Read cafebabel.com's 2011 interview with Inna Shevchenko

And then France came up. We had many supporters here at that time and many activists were waiting for us. Also if you want to develop feminism, if you want to give it a new form, then France becomes the first logical choice.

cafebabel.com: What are you doing today, apart from being an activist?

Inna Shevchenko: Today I only have my activism. Of course it wasn’t like that from the beginning. Sometimes at night, when I close my eyes, I wonder – what if I was to wake up in the morning and there was no Femen. Then what? Then I am nothing (laughs). I am not interested in anything else, I don’t feel that I want to do something else. I really find myself in what I am doing.

cafebabel.com: Do you have male friends? Or are all men afraid of you?

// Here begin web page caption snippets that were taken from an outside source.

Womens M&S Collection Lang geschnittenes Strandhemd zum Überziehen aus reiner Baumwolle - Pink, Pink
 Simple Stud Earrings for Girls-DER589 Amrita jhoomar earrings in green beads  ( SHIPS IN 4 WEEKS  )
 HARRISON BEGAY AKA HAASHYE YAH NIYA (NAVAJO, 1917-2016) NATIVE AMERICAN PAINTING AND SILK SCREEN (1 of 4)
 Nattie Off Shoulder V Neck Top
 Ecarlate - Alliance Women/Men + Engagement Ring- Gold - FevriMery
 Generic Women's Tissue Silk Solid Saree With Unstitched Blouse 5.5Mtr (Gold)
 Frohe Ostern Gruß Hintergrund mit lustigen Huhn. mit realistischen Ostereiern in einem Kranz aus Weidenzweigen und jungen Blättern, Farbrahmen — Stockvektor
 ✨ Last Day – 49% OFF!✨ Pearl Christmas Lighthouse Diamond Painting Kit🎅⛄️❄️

Inna Shevchenko: I don’t know - you have to ask men! I don’t have so much time for men. If you are asking about my personal life, I don’t have any long-term or serious relationships. This is a personal choice. Of course there are some who are running away because they are scared, and don’t support or like what I do, or whatever. But I don’t have problems with men that I would like to be with because definitely there are types of men that support and accept my activity. There are a lot of men around who support and help Femen.

cafebabel.com: You once said that your actions allow you to ‘check each country’s level of its liberation’. How do you see France from what you have experienced during the different protests you carried out in France?

Inna Shevchenko: When you come from Ukraine you only hear about the perfect image of this country – that it is very emancipated, feminist, that women have reached everything here, that everything has been done. That’s why they are writing books here – because they don’t need to do anything more. When you live in eastern Europe you expect a perfect life, heaven, and when you come here you don’t understand, you are a bit confused. Yes, of course it looks better.

Once you try to scratch beneath the surface with our actions, we understand that the question of secularism is a theory. When I talk to the girls, I understand that there are guys who touch women’s asses here too! Those guys propose them to have sex for a cocktail. This is why we are trying to explain that there are no societies where women and men have reached equality. I cannot compare Ukraine and France. We are too far. There are a lot of things that have already been done in France, that make you feel proud to be in this country. But let’s not put rose-tinted glasses on; let’s keep going and doing it.

cafebabel.com: Do you get threats ?

Inna Shevchenko: Yes. Yesterday night, before going to bed, I received a text message from a French number (shows me her mobile phone) ‘Die’; ’Fuck Femen, you are a shame for women and the world’; 'Fuck you Inna. The day you die I will open a bottle of champagne’; ‘I hope you will die soon’. Yeah (laughs).

cafebabel.com: Are you scared?

Inna Shevchenko: Our protection is our actions and our activity. Until now we keep going and we are protected because they are scared. Of course I know that I can be killed. But it is all about personal choice and we are all thinking about it.

'I have already been in a kind of situation where I was already prepared to die, in Belarus'

Maybe I am the only one who is saying this, because I have been in a kind of situation where I was already prepared to die. It was in Belarus, where I was waiting for death to come for 24 hours. And you just check yourself. I did it when I was being nearly killed. I then realised that I don’t feel sorry and I don’t want to change anything to stay alive. When they try to do it, it shows how scared they are and it shows the huge potential of what we do.